The plausibility check is a method in which a value or a result is checked to see whether it can be plausible at all, i.e. acceptable, plausible and comprehensible or not. It is not always possible to verify the correctness of the value or result but to detect any obvious inaccuracy. An advantage of the plausibility check is that it can be carried out with only little effort, a disadvantage is that less obvious inaccuracies in its framework are not recognized. Plausibility checks can be carried out in part based on already existing knowledge without any problems.
Plausibility checks can be carried out in both hardware and software. Plausibility checks in hardware are naturally limited to the monitoring of signals, for example, which may only occur in certain combinations and sequences. Measured values can be checked for their (plausible) value range and their temporal course.
In software engineering, plausibility check of a variable refers to whether it belongs to a certain data type or is in a given range of values or a predetermined set of values. It is an important aspect of quality assurance, which is intended to ensure that an implemented program meets the previously established requirements. In this sense, a plausibility check is also referred to as a validation or sanity check. A plausibility rule is a business rule that must be fulfilled if data from an application software is considered plausible (credible) and is to be further processed. Plausibility rules are often expressed as a formula and describe permissible limits, the relationship of related data to each other or the like.
Plausibility Rules for Data Collection
The data collection programs of database applications usually automatically check a variety of plausibility rules. This should help to noticeably increase data quality. If newly entered or changed data is not plausible, it will either be rejected or stored in the database only with an “Invalid” label for later correction.

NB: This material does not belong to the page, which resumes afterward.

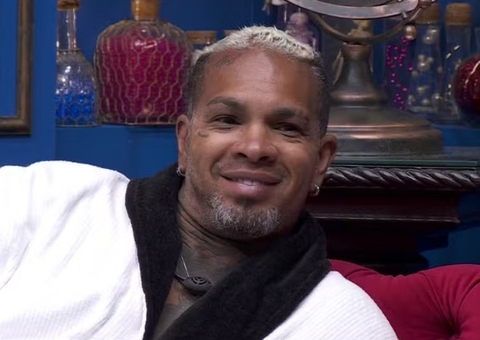 Líder pela segunda vez, Rodriguinho recebe emojis polêmicos no Queridômetro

Depending on the software technology used, these rules are either incorporated into the program code by the programmer or read and interpreted by a flexible program only at runtime.
Plausibility Checking of Statistical Data
A special form rules for checking and improving the quality of condensed data merged from different sources in statistics or a data warehouse. Examples :
Production + Import = Consumption + Export
In-house production + purchasing = self-consumption + sale
In an operation, the transferred data is checked for plausibility partly automatically, partly manually and corrected accordingly if necessary.